*Exercise goal*. From the records below, print only the part that opens with the line containing "Arsenal players surround" and closes with the line containing "Two car oversized"; omit the pictures.

*Exercise inputs*.

* * *

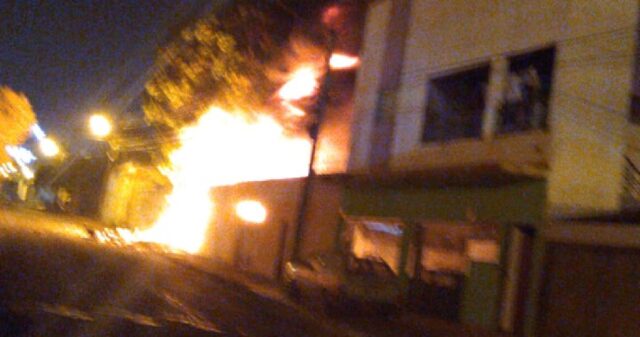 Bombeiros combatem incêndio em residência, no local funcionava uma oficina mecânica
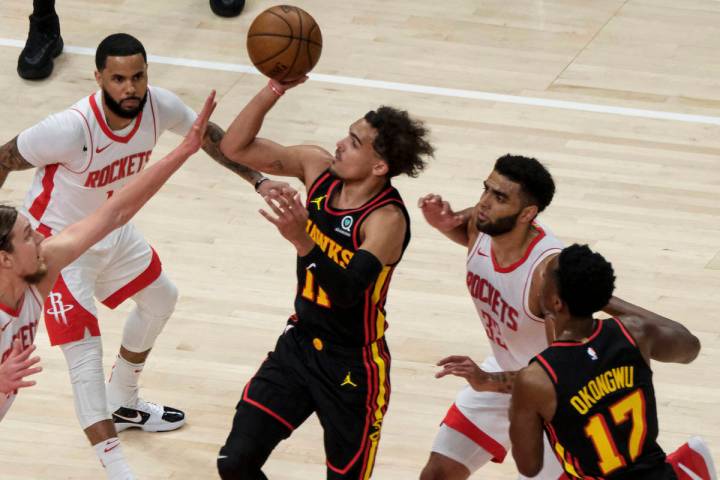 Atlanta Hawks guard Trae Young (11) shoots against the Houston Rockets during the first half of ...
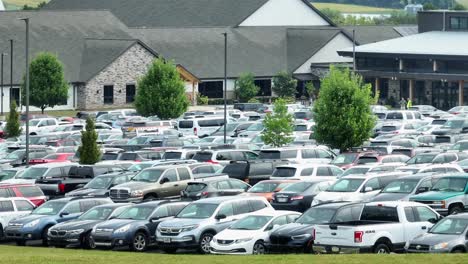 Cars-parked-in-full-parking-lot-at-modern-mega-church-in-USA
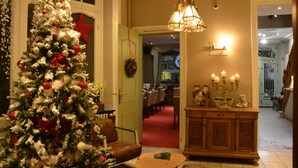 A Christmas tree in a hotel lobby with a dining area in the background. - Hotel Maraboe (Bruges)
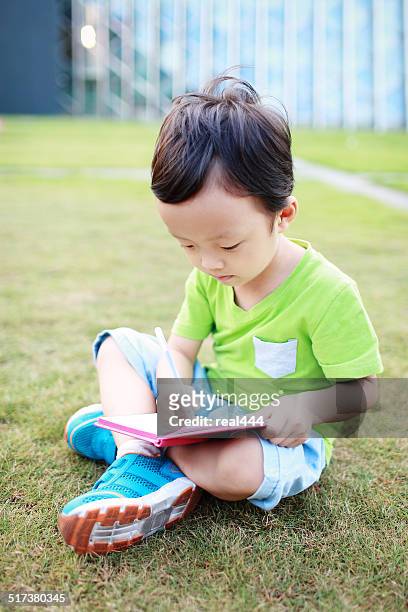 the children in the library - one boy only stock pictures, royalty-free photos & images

* * *

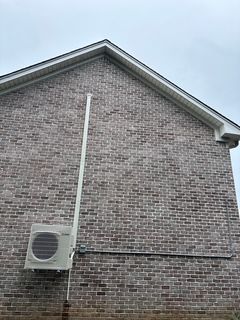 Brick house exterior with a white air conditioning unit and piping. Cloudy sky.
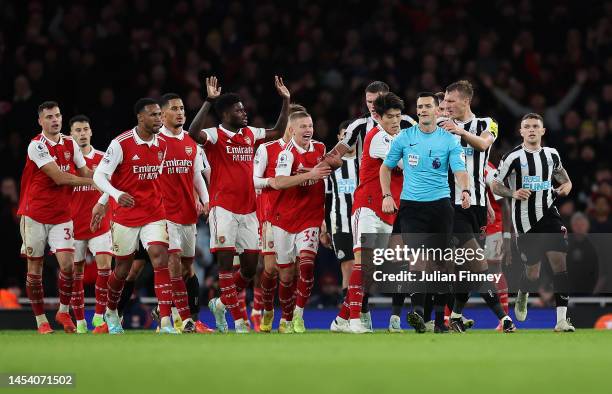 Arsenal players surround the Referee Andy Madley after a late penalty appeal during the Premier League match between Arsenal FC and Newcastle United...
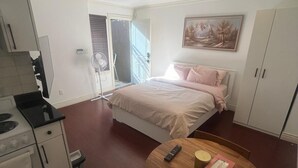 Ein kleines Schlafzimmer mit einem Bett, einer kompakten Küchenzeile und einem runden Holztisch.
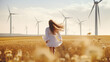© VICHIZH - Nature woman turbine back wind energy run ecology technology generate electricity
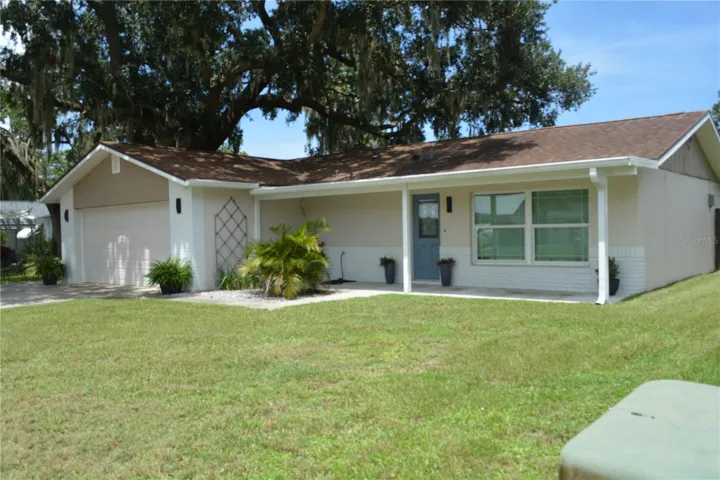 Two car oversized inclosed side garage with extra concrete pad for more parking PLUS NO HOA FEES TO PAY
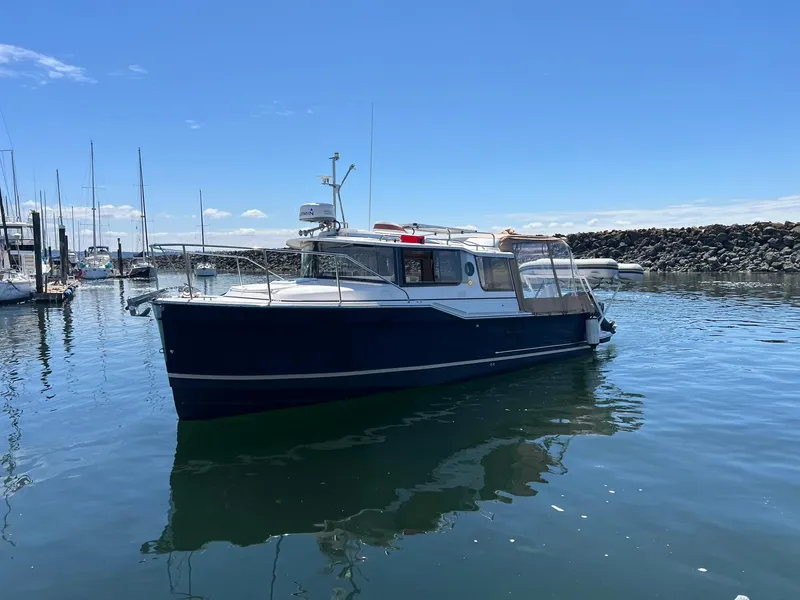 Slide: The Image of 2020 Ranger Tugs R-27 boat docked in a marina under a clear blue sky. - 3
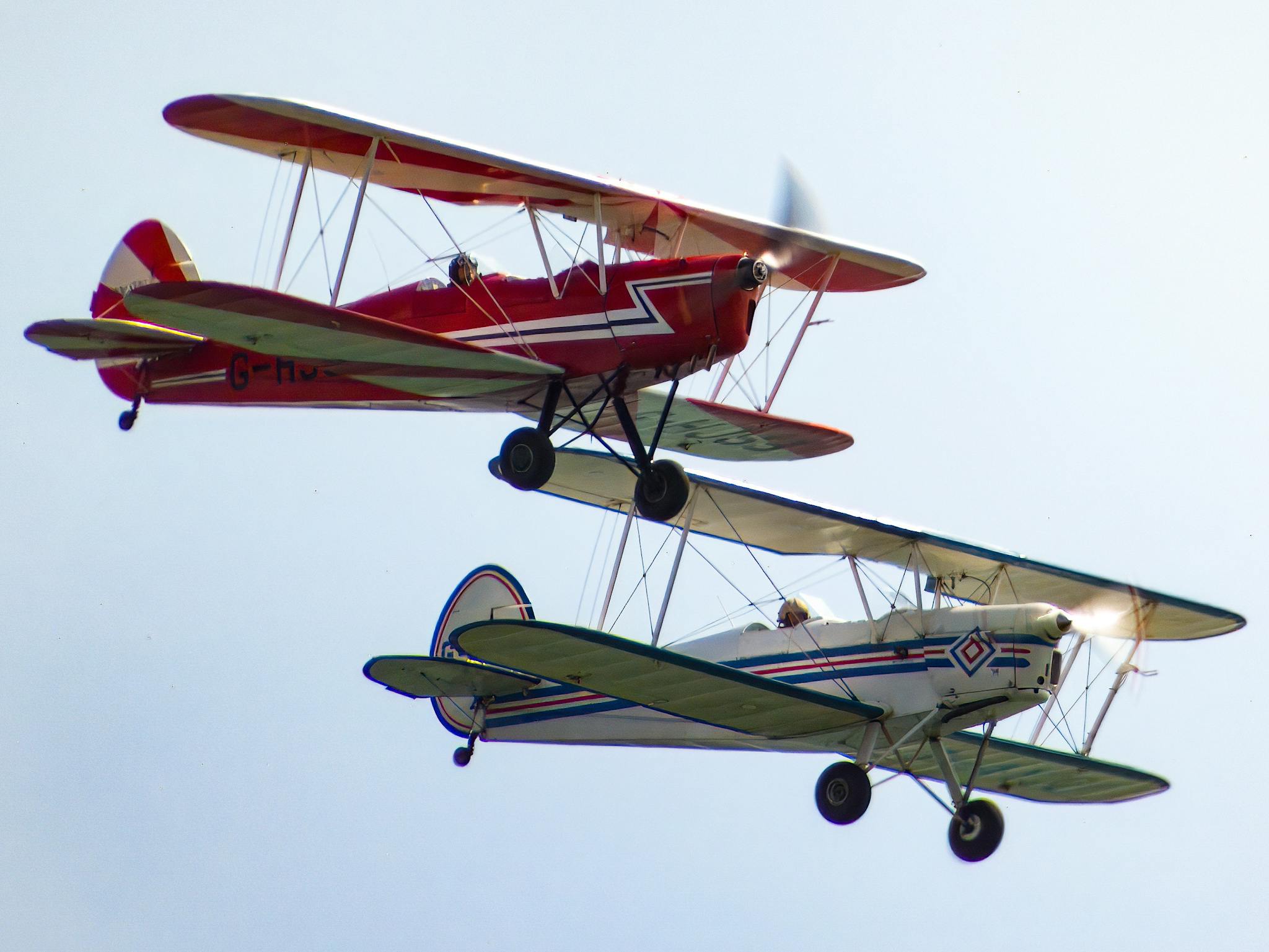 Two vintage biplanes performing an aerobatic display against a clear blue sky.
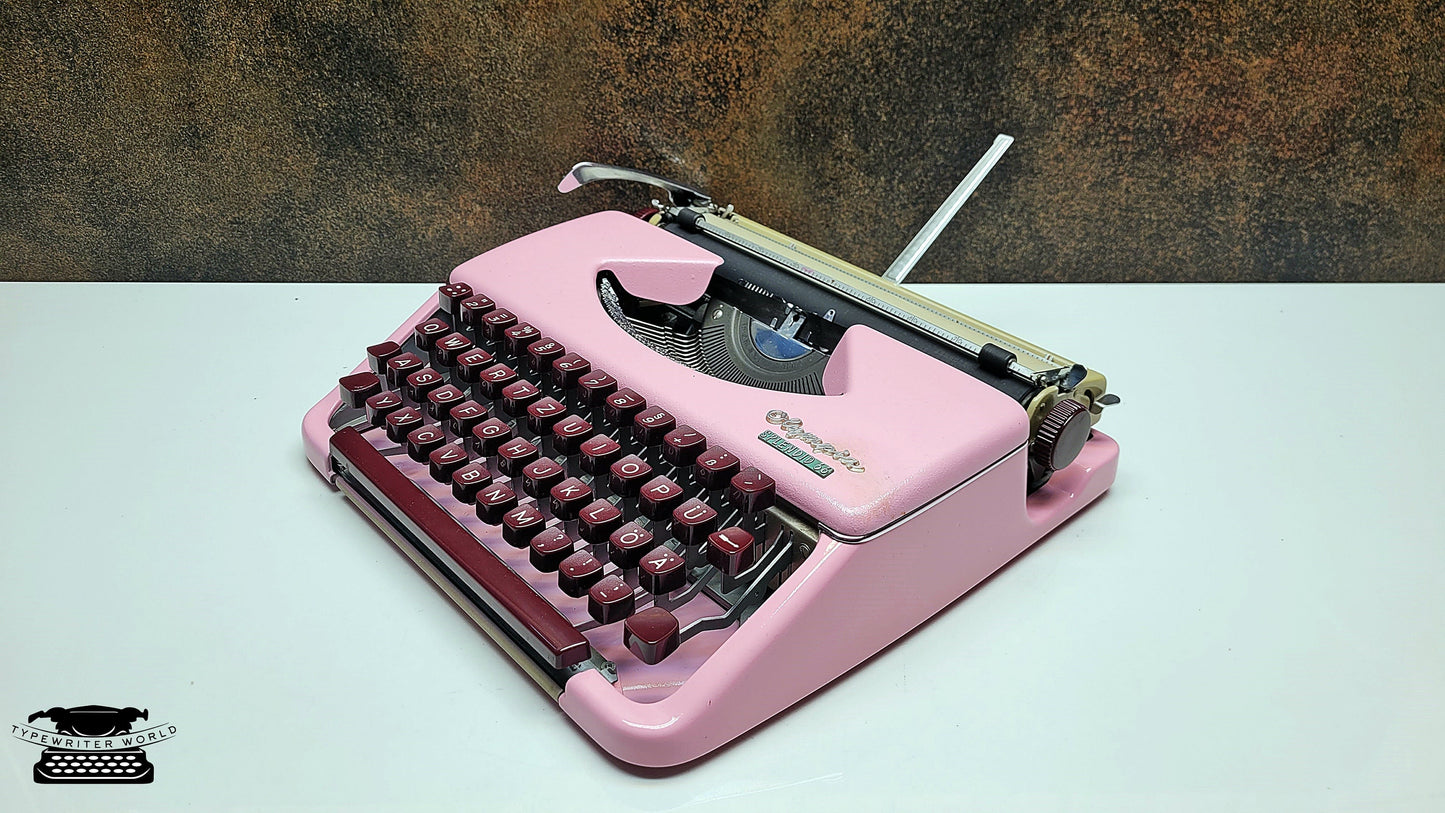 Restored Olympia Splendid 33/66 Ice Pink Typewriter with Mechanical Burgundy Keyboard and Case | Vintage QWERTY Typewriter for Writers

* * *

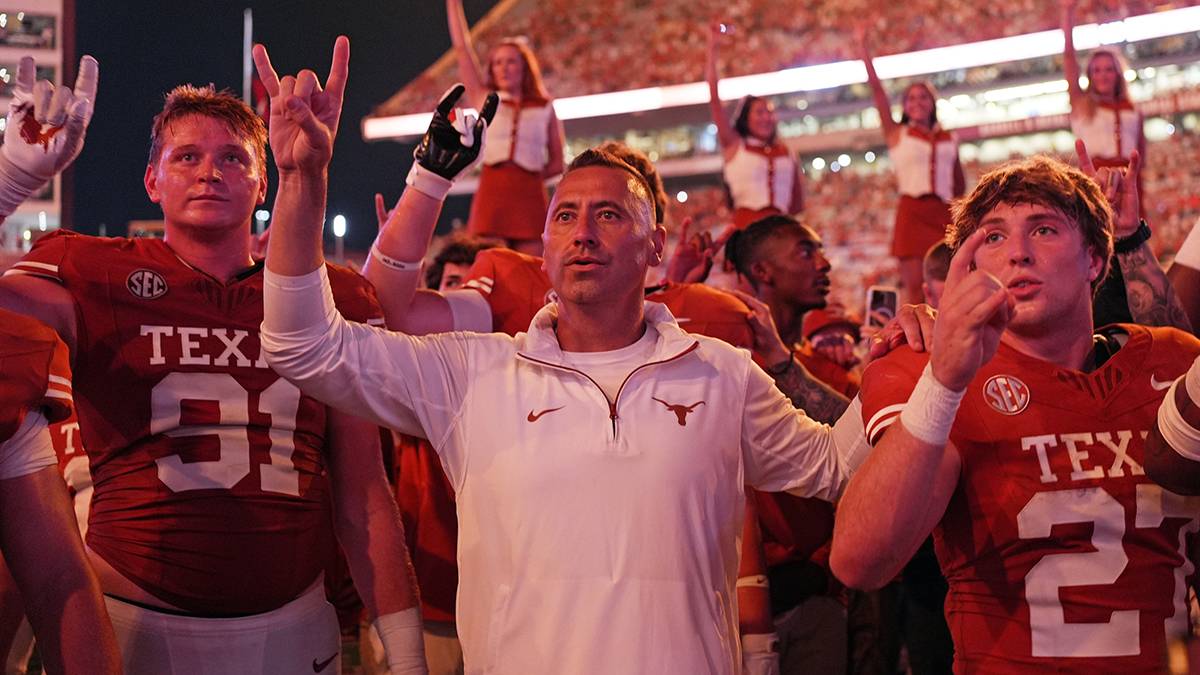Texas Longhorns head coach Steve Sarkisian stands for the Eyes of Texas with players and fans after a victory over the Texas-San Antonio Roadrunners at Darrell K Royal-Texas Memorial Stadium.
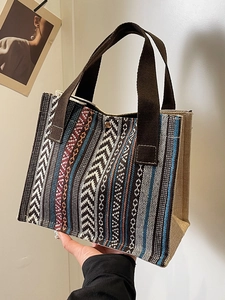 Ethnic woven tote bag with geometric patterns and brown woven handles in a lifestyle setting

* * *

*Exercise solution*.
 Arsenal players surround the Referee Andy Madley after a late penalty appeal during the Premier League match between Arsenal FC and Newcastle United...
 Ein kleines Schlafzimmer mit einem Bett, einer kompakten Küchenzeile und einem runden Holztisch.
© VICHIZH - Nature woman turbine back wind energy run ecology technology generate electricity
 Two car oversized inclosed side garage with extra concrete pad for more parking PLUS NO HOA FEES TO PAY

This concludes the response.